О безмерной любви своей Лели поэт не раз говорил в стихах, сокрушаясь, что он, породивший такую любовь, не способен подняться до ее высоты и силы; вот его поразительные строки об этом:
Ты любишь искренно и пламенно, а я —
Я на тебя гляжу с досадою ревнивой.
И, жалкий чародей, перед волшебным миром,
Мной созданным самим, без веры я стою —
И самого себя, краснея, сознаю
Живой души твоей безжизненным кумиром.
Он вновь и вновь повторяет, что «не стоит» ее любви:
Пускай мое она созданье —
Но как я беден перед ней…
Перед любовию твоею
Мне больно вспомнить о себе —
Стою, молчу, благоговею
И поклоняюся тебе…
Эти самообвинения справедливы в одном отношении: поэт не мог расстаться с Эрнестиной Федоровной и целиком отдать себя новой любви. Но едва ли можно усомниться в том, что он любил Елену Александровну по-своему так же безгранично, беспредельно, как и она его.
…Еще в первые годы своей любви поэт создал символический образ возлюбленной — образ «своенравной волны», которая полна «чудной жизни»:
Ты на солнце ли смеешься,
Отражая неба свод,
Иль мятешься ты и бьешься
В одичалой бездне вод, —
Сладок мне твой тихий шепот,
Полный ласки и любви;
Внятен мне и буйный ропот,
Стоны вещие твои.
Будь же ты в стихии бурной
То угрюма, то светла,
Но в ночи твоей лазурной
Сбереги, что ты взяла…
Сбереги, ибо
в минуту роковую.
Тайной прелестью влеком,
Душу, душу я живую
Схоронил на дне твоем.
Сколько бы ни обвинял себя поэт в недостаточной любви к Елене Александровне, он в самом деле отдал ей свою душу.
Но каким образом это утверждение согласить с тем, что Тютчев говорил — уже после начала своей последней любви — Эрнестине Федоровне: «Ты — самое лучшее из всего, что известно мне в мире»? Можно бы показать постоянство такого его отношения к ней — как к своего рода идеальному существу, в котором воплощено все «лучшее», «высшее» и т. п.
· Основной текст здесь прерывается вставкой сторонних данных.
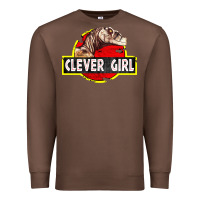 Chestnut clever girl Premium Sweatshirt - linhVisuals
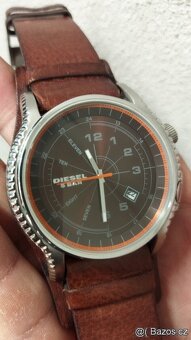 Prodám pánské hodinky DIESEL _ DZ1311 _ NOVÁ BATERIE 👍👍👍 - 4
Это выражается чуть ли не в каждом стихотворении, обращенном к Эриестине Федоровне:
…Мне благодатью ты б была —
Ты, ты, мое земное провиденье!
Все, что сберечь мне удалось,
Надежды, веры и любви…
Совсем иной человеческий облик в стихотворениях, посвященных Елене Денисьевой, — хотя бы в только что цитированном — о своенравной волне. Здесь жизнь являет себя во всей своей противоречивой цельности, с ее светящими взлетами и темными глубинами. И сами взаимоотношения любящих не имеют в себе ничего идиллического.
Любовь, любовь — гласит преданье —
Союз души с душой родной —
Их съединенье, сочетанье,
(но так гласит преданье, а реальность не сводится к этому)
И роковое их слиянье,
И… поединок роковой…
Конечно, все тяжкое, мучительное, роковое в последней любви поэта связано с той раздвоенностью, которую он не в силах был преодолеть. И все же нельзя свести к этому смысл, вложенный поэтом в слово «поединок». Речь идет о любви, захватившей души двух людей до самого дна и как бы размывшей все границы между ними; «роковое слиянье» с неизбежностью ведет к «роковому поединку».
В 1858 году исполнилось двадцать лет со дня смерти первой жены Тютчева Элеоноры, и он написал стихи (о них уже шла речь), посвященные ее памяти. Они кончались строками о том, как
…Мило-благодатна,
Воздушна и светла
Душе моей стократно
Любовь твоя была.
Это стихотворение — может быть, без всякого намерения со стороны поэта — содержало своего рода противопоставление последней любви, которая никак не умещалась в рамках благодатности, воздушности и света. Но тем непобедимее была для Тютчева эта любовь, которая, как сказал он сам, была «всею моею жизнью». При этом необходимо только помнить, что «жизнь» поэта ни в коей мере не представляла собою замкнутое в себе частное существование. Все, что мы знаем о нем, ясно свидетельствует: он жил как бы перед целым Миром во всей беспредельности его пространства и времени.